## RECORDED DATA
+ + + +
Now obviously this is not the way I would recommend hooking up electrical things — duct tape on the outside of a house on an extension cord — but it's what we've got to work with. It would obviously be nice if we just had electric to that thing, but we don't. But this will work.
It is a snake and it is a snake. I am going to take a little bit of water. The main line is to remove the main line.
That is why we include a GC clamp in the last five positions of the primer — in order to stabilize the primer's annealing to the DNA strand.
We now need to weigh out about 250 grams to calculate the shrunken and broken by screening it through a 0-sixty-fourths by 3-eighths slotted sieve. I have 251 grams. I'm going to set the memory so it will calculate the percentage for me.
+ + + +
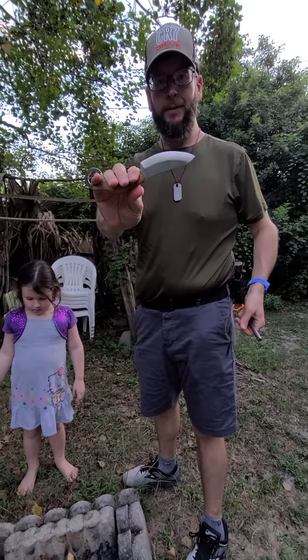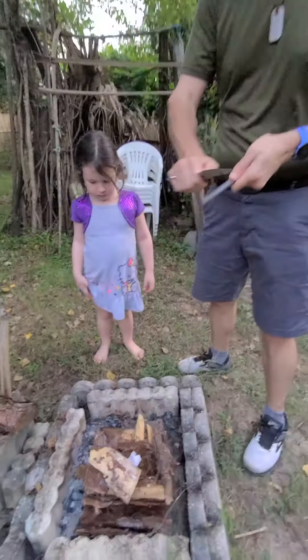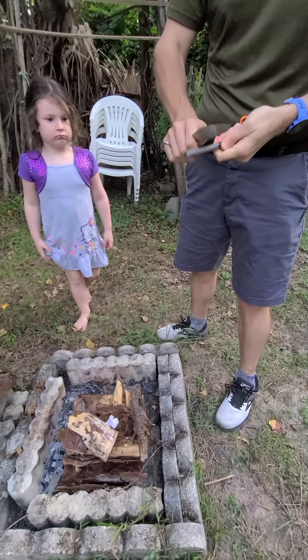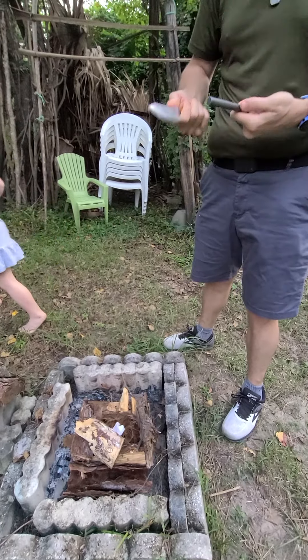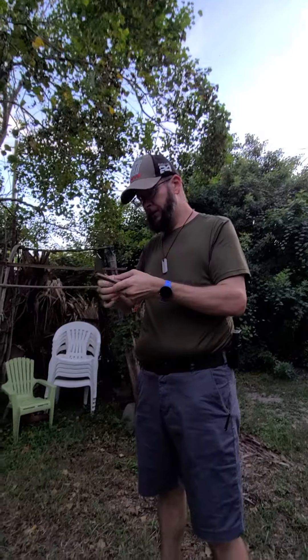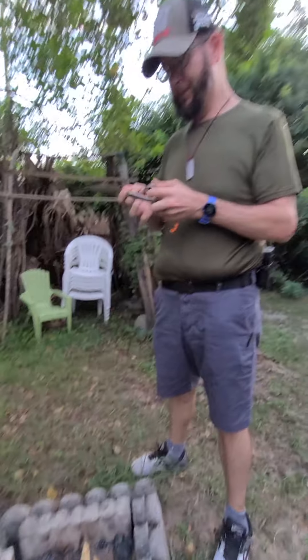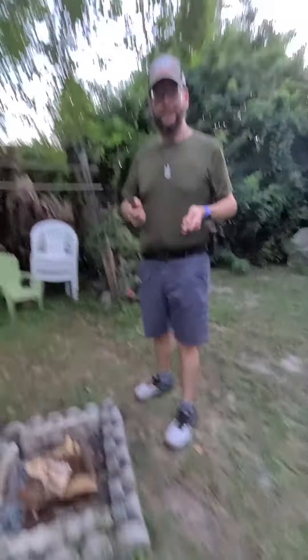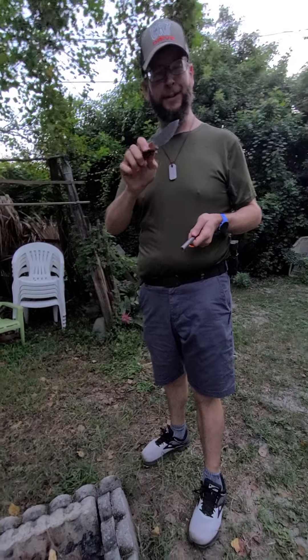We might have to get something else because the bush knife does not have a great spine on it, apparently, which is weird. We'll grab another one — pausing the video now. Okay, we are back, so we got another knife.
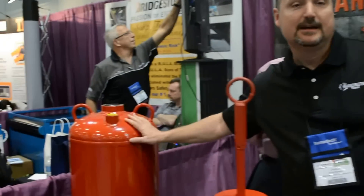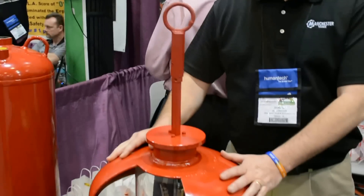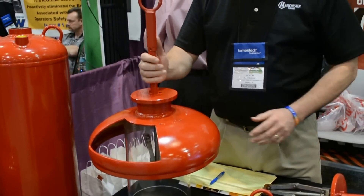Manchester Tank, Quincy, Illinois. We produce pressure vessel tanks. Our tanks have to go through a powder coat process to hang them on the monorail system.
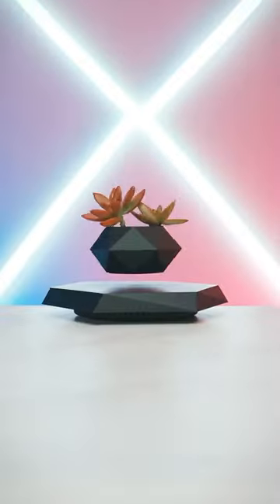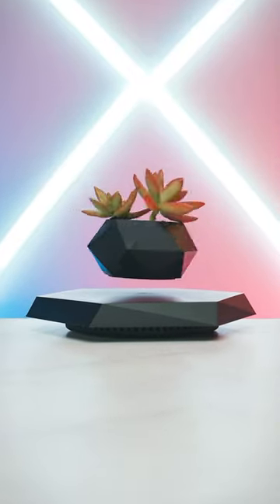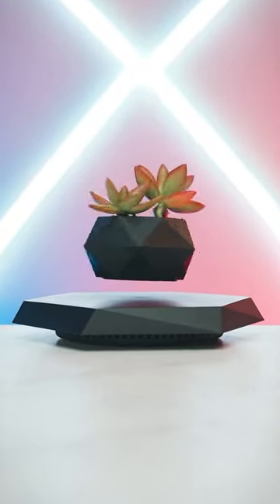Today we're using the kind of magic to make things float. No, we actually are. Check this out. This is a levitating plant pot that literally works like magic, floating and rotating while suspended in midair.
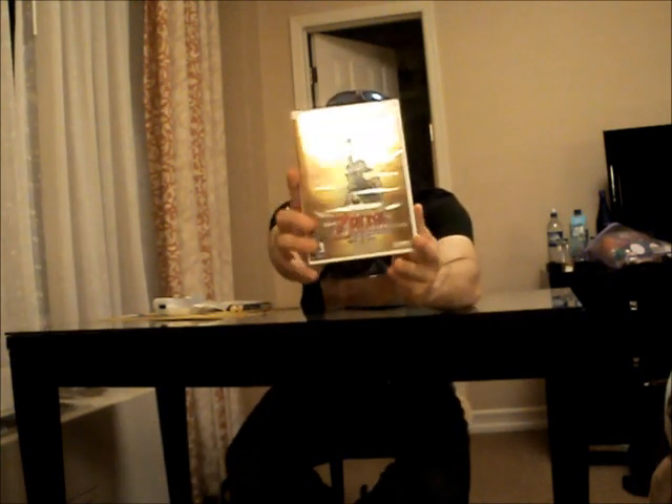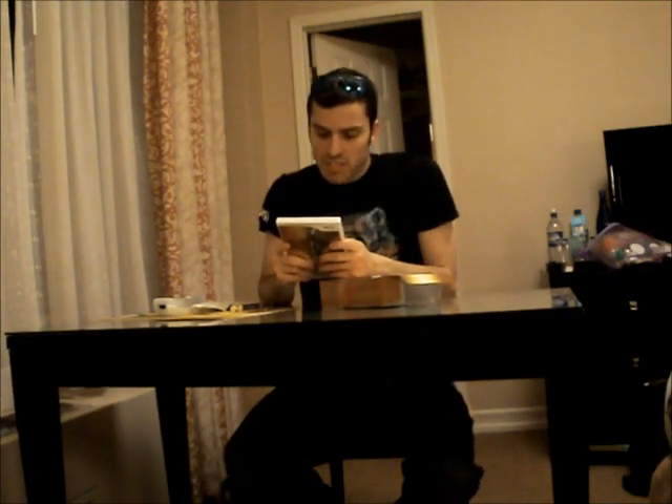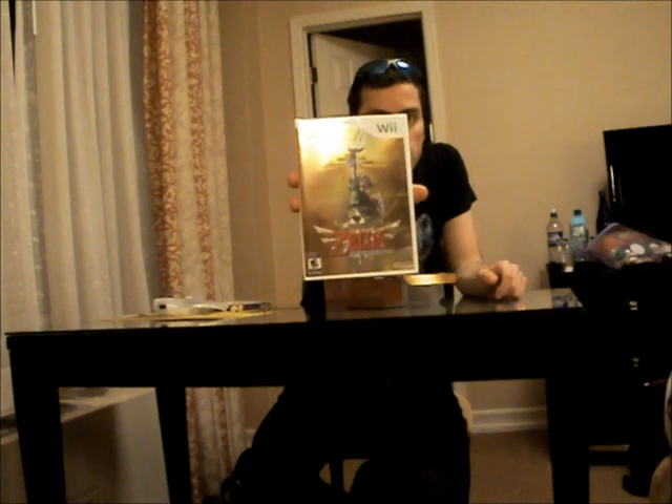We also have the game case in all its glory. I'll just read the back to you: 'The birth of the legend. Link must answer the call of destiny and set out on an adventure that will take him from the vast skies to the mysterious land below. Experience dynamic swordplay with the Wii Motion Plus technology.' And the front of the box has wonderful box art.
+ + + +
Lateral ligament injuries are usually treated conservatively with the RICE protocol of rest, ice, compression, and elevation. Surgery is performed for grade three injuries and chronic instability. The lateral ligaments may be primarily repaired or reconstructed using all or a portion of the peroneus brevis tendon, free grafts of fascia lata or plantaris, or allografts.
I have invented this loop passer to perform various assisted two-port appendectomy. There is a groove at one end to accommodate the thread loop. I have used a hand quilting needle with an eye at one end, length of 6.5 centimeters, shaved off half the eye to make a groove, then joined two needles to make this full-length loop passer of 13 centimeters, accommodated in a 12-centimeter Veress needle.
+ + + +
## WHAT IS BEING ASKED
Scan the listing above for the line that has "Now obviously this", then copy exactly from that line through the line that has "We now need".

## RESULT OF THIS TASK
Now obviously this is not the way I would recommend hooking up electrical things — duct tape on the outside of a house on an extension cord — but it's what we've got to work with. It would obviously be nice if we just had electric to that thing, but we don't. But this will work.
It is a snake and it is a snake. I am going to take a little bit of water. The main line is to remove the main line.
That is why we include a GC clamp in the last five positions of the primer — in order to stabilize the primer's annealing to the DNA strand.
We now need to weigh out about 250 grams to calculate the shrunken and broken by screening it through a 0-sixty-fourths by 3-eighths slotted sieve. I have 251 grams. I'm going to set the memory so it will calculate the percentage for me.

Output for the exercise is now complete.